All of the records should be reproduced word for word, but no images may appear in the copy.
BEGIN DATASET EXTRACT
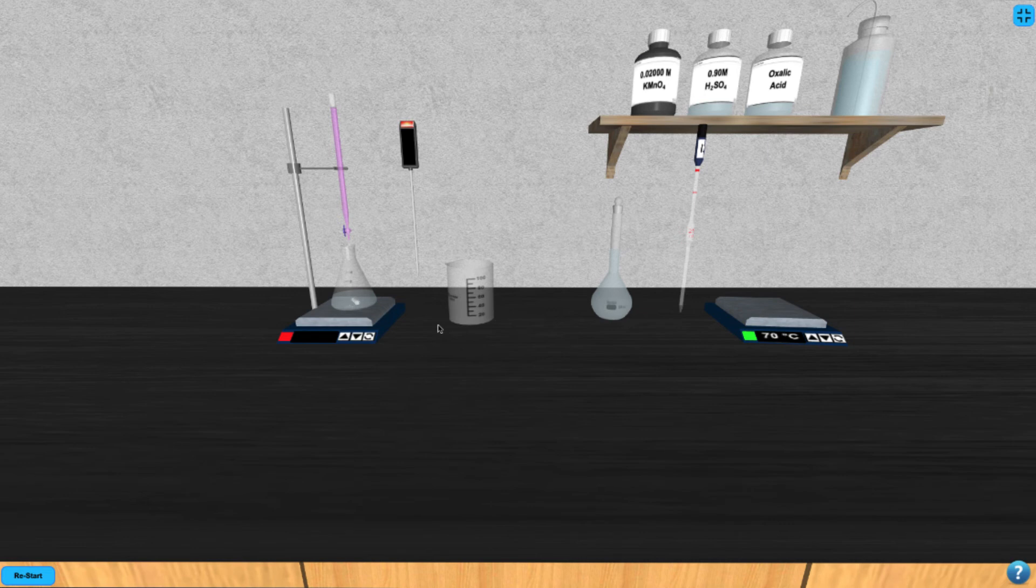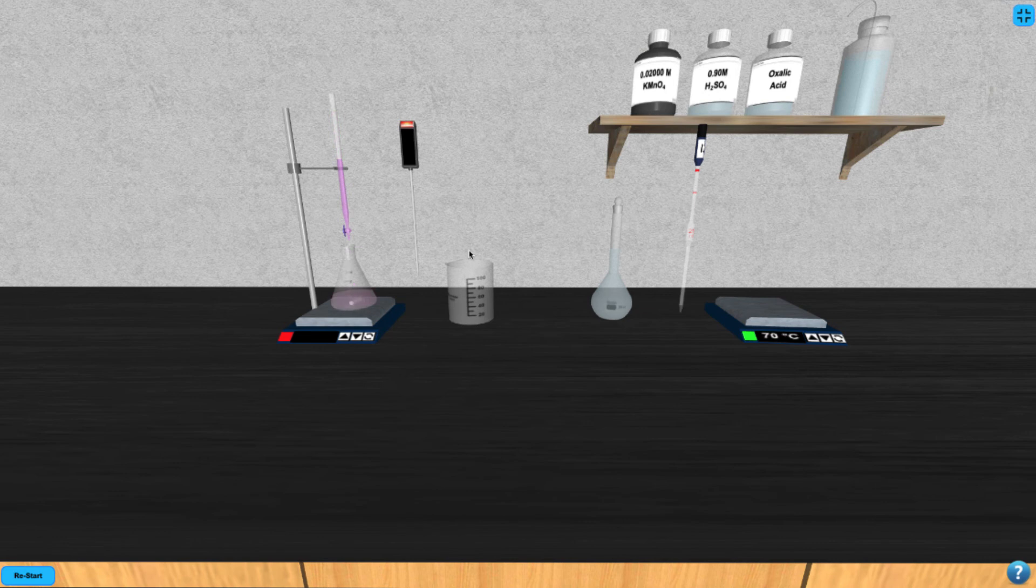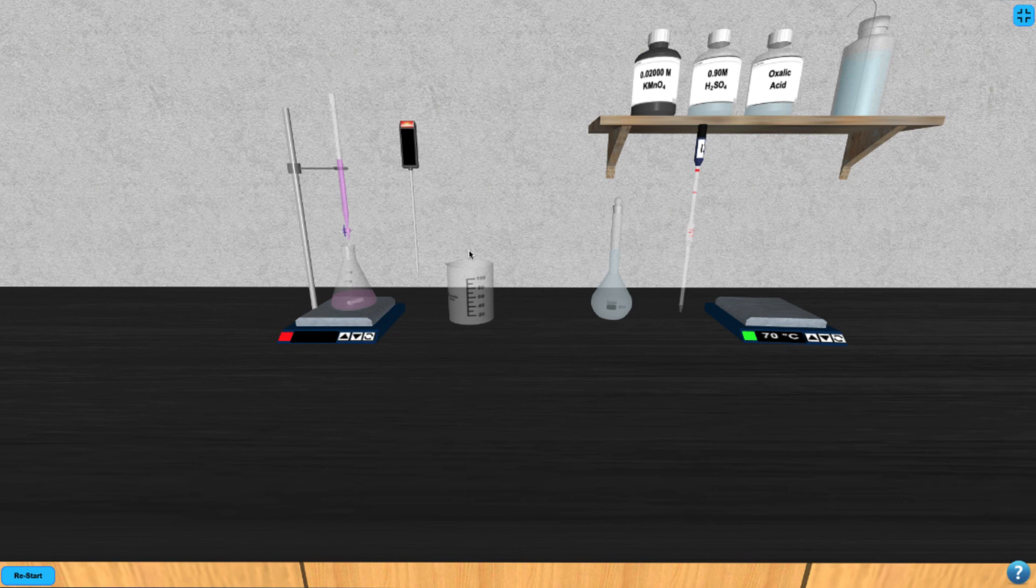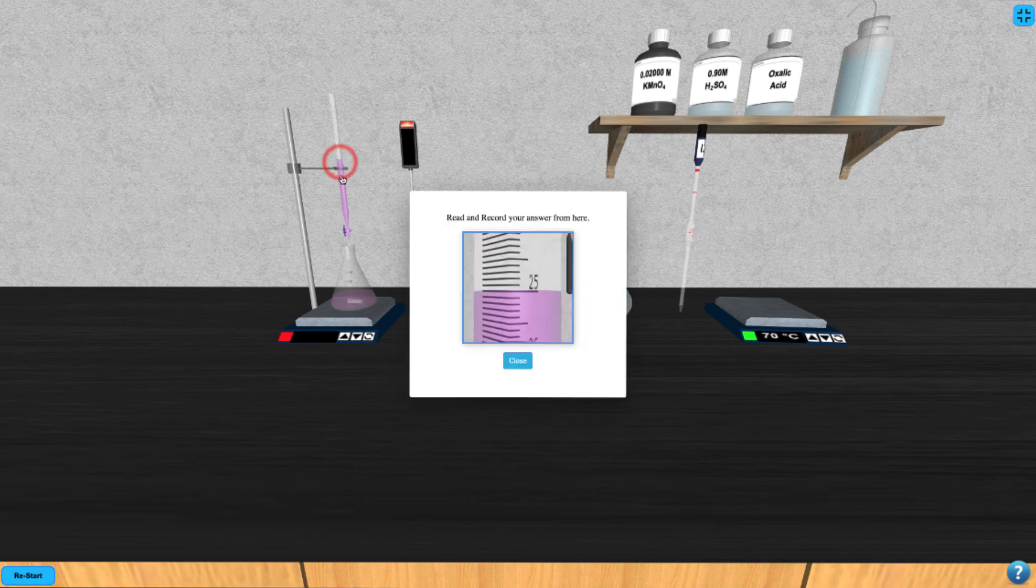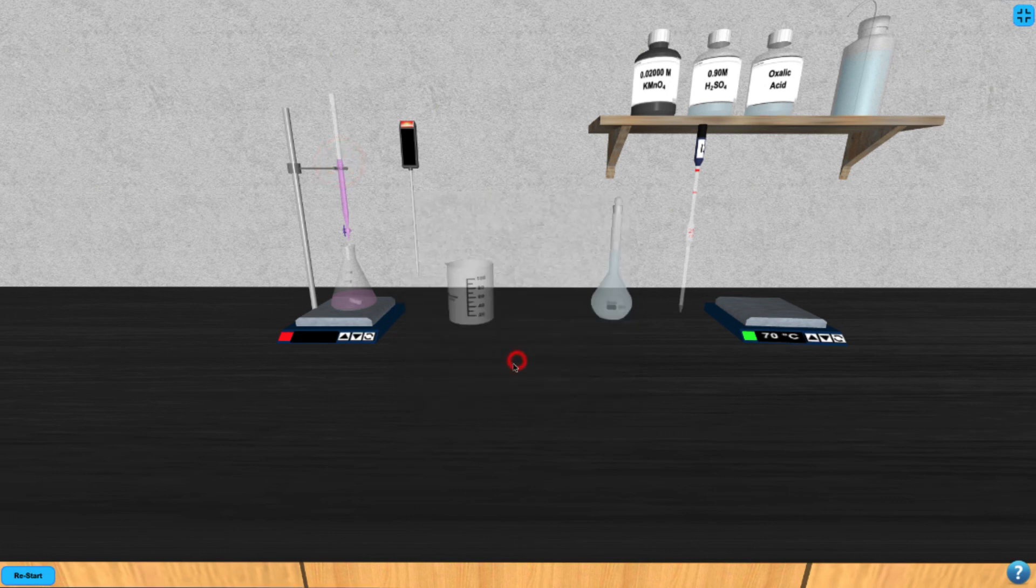Continue dripping potassium permanganate until the titration is complete. You'll know when it's complete when it changes color and stays a white paint color. Then you can click on the buret to zoom in and view the scale to measure your endpoint.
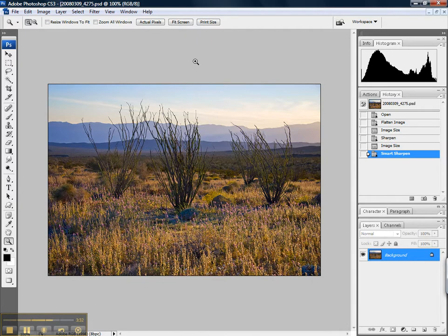And that's it. That's the only steps necessary to sharpening for the web. I think this is a great process that works great, and I thank Mark Adamus for sharing it with everybody.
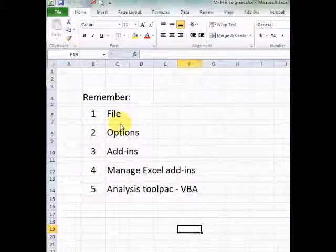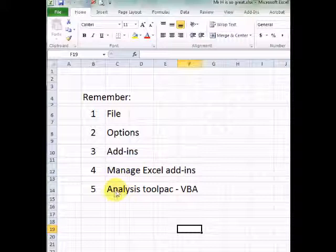Remember: File, Options, Add-ins, Manage Excel Add-ins, and finally the Analysis Toolpak VBA button.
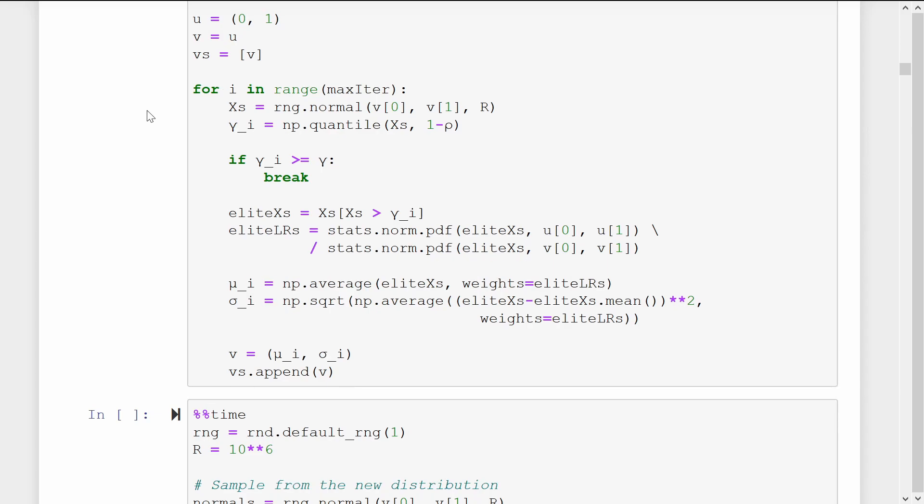Otherwise, we pull out the elite x's, which are those which are above our threshold gamma i. On these, we calculate the likelihood ratios between the original distribution with parameter u and the actual distribution with parameter v. Lastly, we update the v parameters to be the maximum likelihood estimates of the elite samples. Don't forget, we must weight the samples by their likelihood ratios.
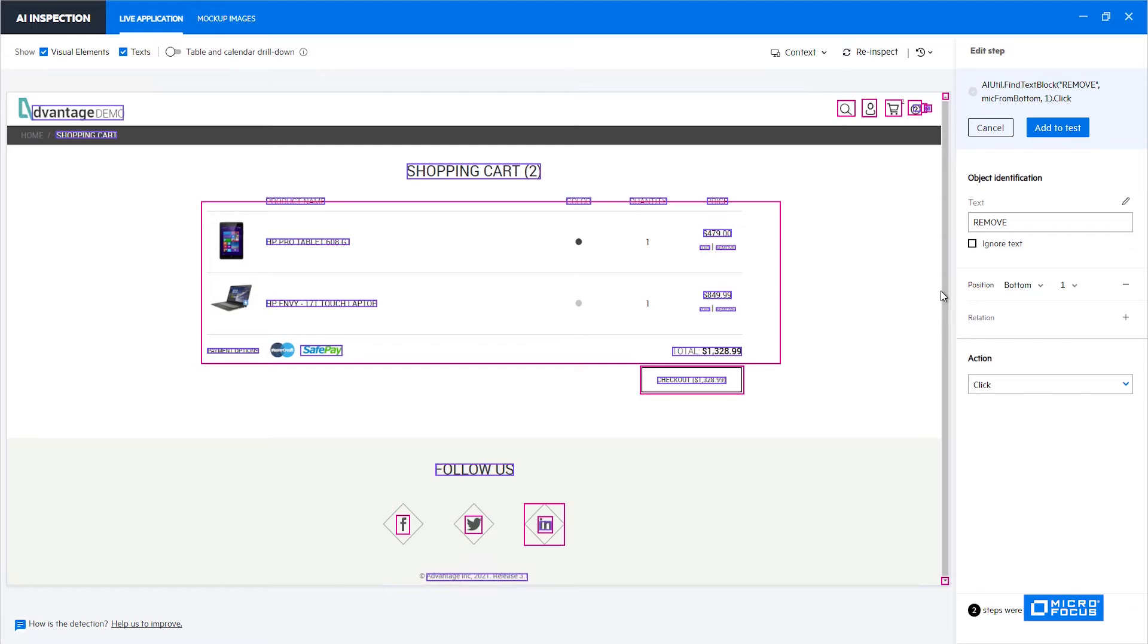Another advantage of using a relation identifier not position identifier is from a readability point of view. If you would have written a manual test to explain to a manual tester which remove text you would like him to press, you would probably bind this remove to the item that you would like to remove and you would not tell the tester click on the remove that is first from the bottom. That means that using a relation identifier will make your test clearer and more stable.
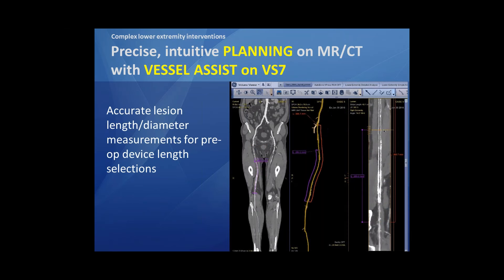Based on this stretched view, we can in a very accurate way measure lesion lengths, diameters, and so on, in order to prepare our procedure and to check if we have the right stent length and device length available on the shelf.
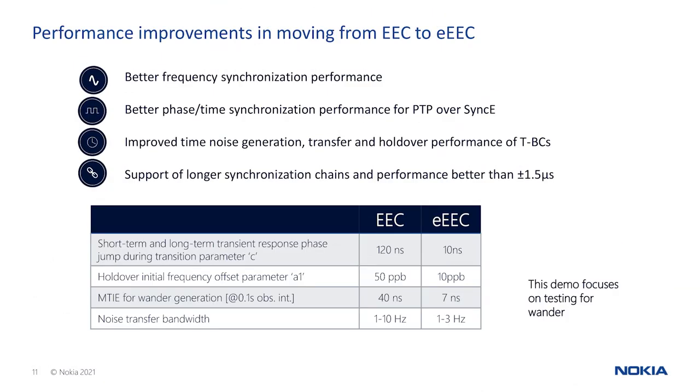Our reliable physical layer frequency distribution via synchronous Ethernet, or SYNC-E, aids PTP in achieving more accurate timing. The 1830 PSS performance meets the requirements of enhanced Ethernet equipment clocks.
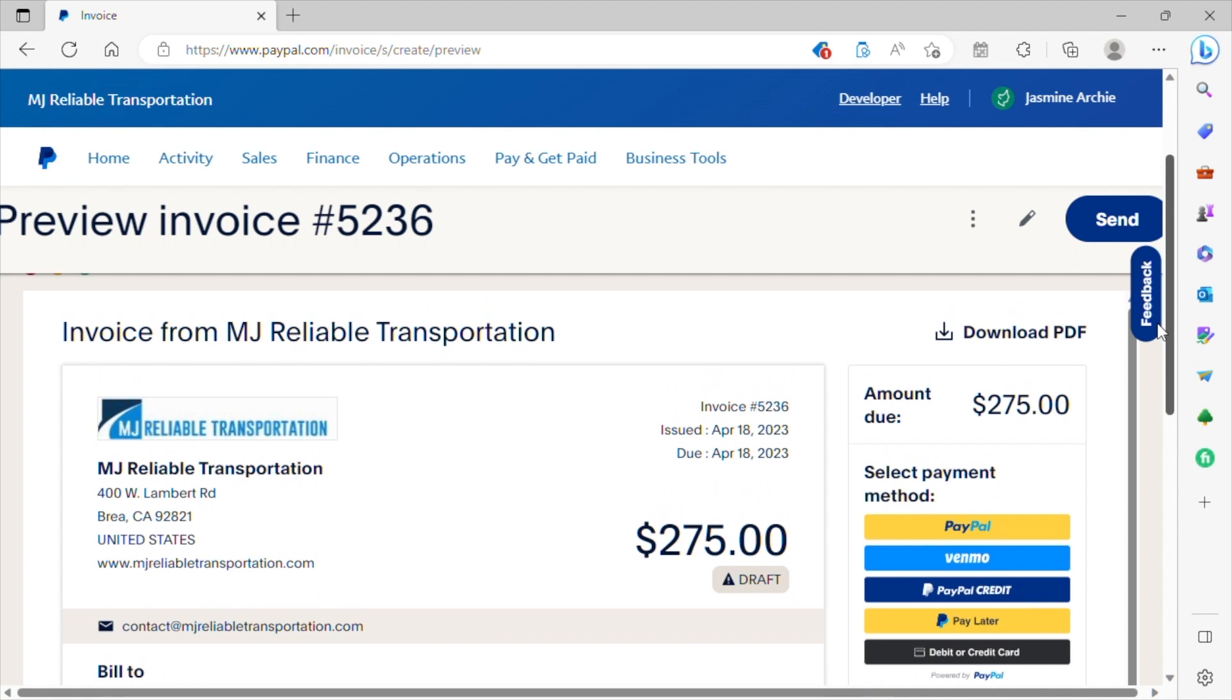And then once you have confirmed that this invoice looks correct and you're happy with everything that you've entered, you will hit the button here, send. And that will conclude this video. Thanks guys.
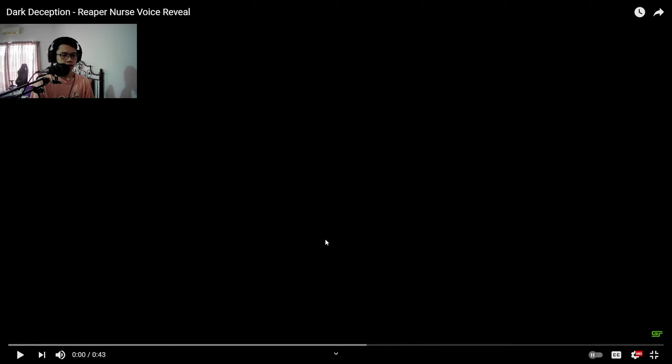So the next one is gonna be Dark Deception Reaper Nurse Voice Reveal. This one is gonna be at the Seeds Portal where we're facing the Reaper Nurse. Let's see how her voice sounds like.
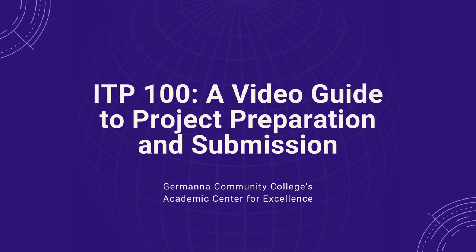The purpose of this video is to show you how to create, save, and submit assignments in Canvas for your ITP100 class.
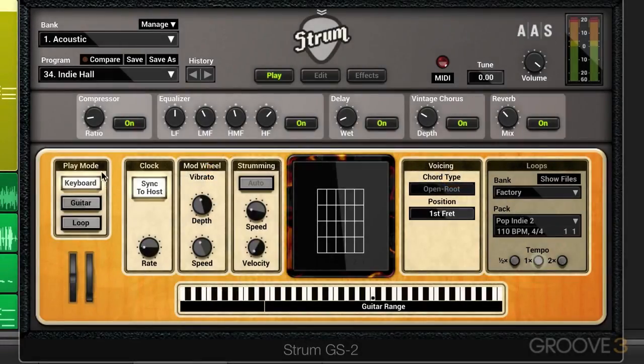We're going to start by looking at the keyboard play mode when we're in play view. This plays the notes on the guitar as they're played on the keyboard. In other words, strum doesn't make any attempt to voice the notes or chords that you play. We get a literal translation of them based on some of the parameters here.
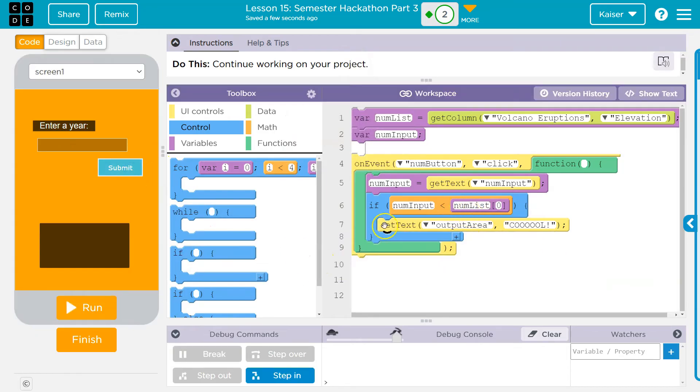And that's how you can get text — get it and set it to the screen. Alright, get going making that app. I hope it is awesome.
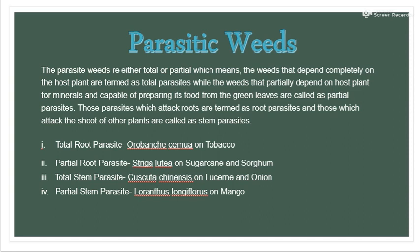Examples of total parasitic weeds include Orobanche on tobacco. Partial root parasites include Striga on sugarcane and sorghum. Total stem parasites include Cuscuta genensis on lucerne and partial stem parasites include Loranthus on mango.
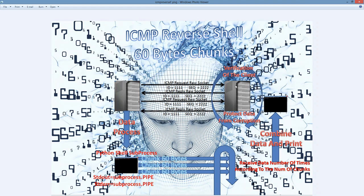If the password is correct, the server will ask the user to input command prompt commands, because in our case the client side is Windows. The client will enter command prompt commands, and then we will send back to the client with the same ID number and the same sequence number an ICMP reply which inside the data section contains the command prompt commands.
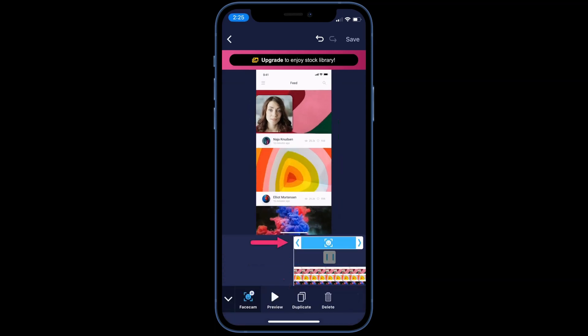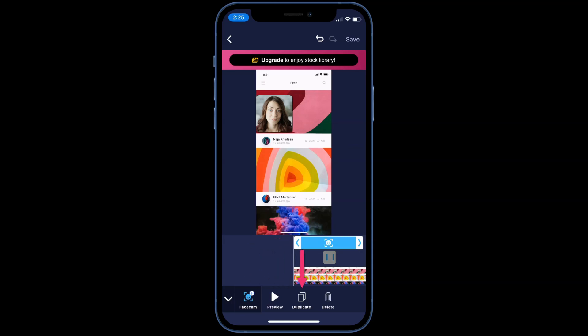Then, tap on the Facecam on the timeline. You can drag the Facecam to another part of your video. Here, you will see options to add a new Facecam, preview, duplicate, or delete your Facecam.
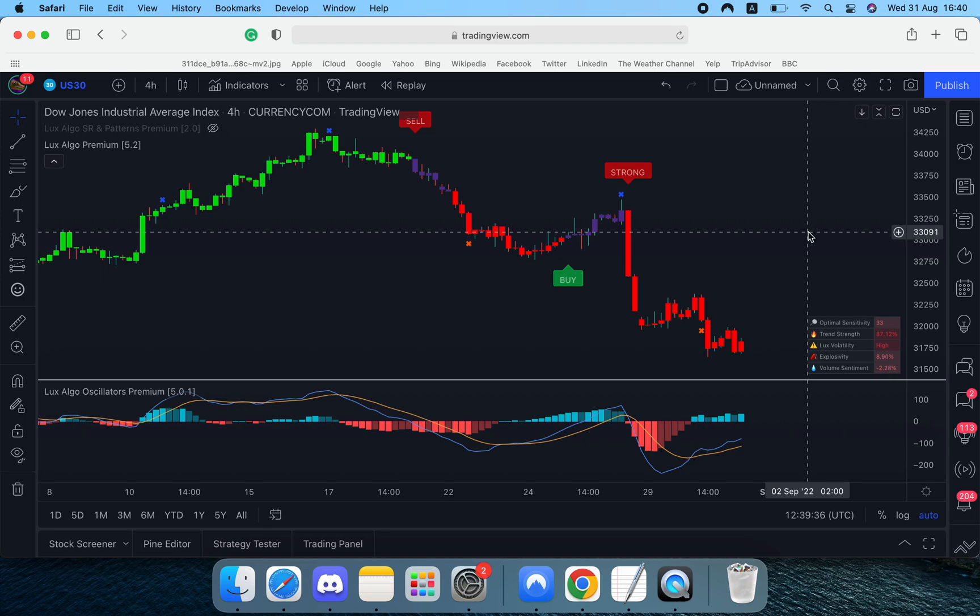Hi guys, this is going to be a quick video showing you how to use the filtered alerts in LuxAlgo Premium.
END DATASET EXTRACT
### WRITTEN RESPONSE
Continue dripping potassium permanganate until the titration is complete. You'll know when it's complete when it changes color and stays a white paint color. Then you can click on the buret to zoom in and view the scale to measure your endpoint.
And that's it. That's the only steps necessary to sharpening for the web. I think this is a great process that works great, and I thank Mark Adamus for sharing it with everybody.
Remember: File, Options, Add-ins, Manage Excel Add-ins, and finally the Analysis Toolpak VBA button.
Otherwise, we pull out the elite x's, which are those which are above our threshold gamma i. On these, we calculate the likelihood ratios between the original distribution with parameter u and the actual distribution with parameter v. Lastly, we update the v parameters to be the maximum likelihood estimates of the elite samples. Don't forget, we must weight the samples by their likelihood ratios.
Another advantage of using a relation identifier not position identifier is from a readability point of view. If you would have written a manual test to explain to a manual tester which remove text you would like him to press, you would probably bind this remove to the item that you would like to remove and you would not tell the tester click on the remove that is first from the bottom. That means that using a relation identifier will make your test clearer and more stable.
Based on this stretched view, we can in a very accurate way measure lesion lengths, diameters, and so on, in order to prepare our procedure and to check if we have the right stent length and device length available on the shelf.
Our reliable physical layer frequency distribution via synchronous Ethernet, or SYNC-E, aids PTP in achieving more accurate timing. The 1830 PSS performance meets the requirements of enhanced Ethernet equipment clocks.
And then once you have confirmed that this invoice looks correct and you're happy with everything that you've entered, you will hit the button here, send. And that will conclude this video. Thanks guys.
So the next one is gonna be Dark Deception Reaper Nurse Voice Reveal. This one is gonna be at the Seeds Portal where we're facing the Reaper Nurse. Let's see how her voice sounds like.
The purpose of this video is to show you how to create, save, and submit assignments in Canvas for your ITP100 class.
We're going to start by looking at the keyboard play mode when we're in play view. This plays the notes on the guitar as they're played on the keyboard. In other words, strum doesn't make any attempt to voice the notes or chords that you play. We get a literal translation of them based on some of the parameters here.
And that's how you can get text — get it and set it to the screen. Alright, get going making that app. I hope it is awesome.
Examples of total parasitic weeds include Orobanche on tobacco. Partial root parasites include Striga on sugarcane and sorghum. Total stem parasites include Cuscuta genensis on lucerne and partial stem parasites include Loranthus on mango.
If the password is correct, the server will ask the user to input command prompt commands, because in our case the client side is Windows. The client will enter command prompt commands, and then we will send back to the client with the same ID number and the same sequence number an ICMP reply which inside the data section contains the command prompt commands.
Then, tap on the Facecam on the timeline. You can drag the Facecam to another part of your video. Here, you will see options to add a new Facecam, preview, duplicate, or delete your Facecam.
Hi guys, this is going to be a quick video showing you how to use the filtered alerts in LuxAlgo Premium.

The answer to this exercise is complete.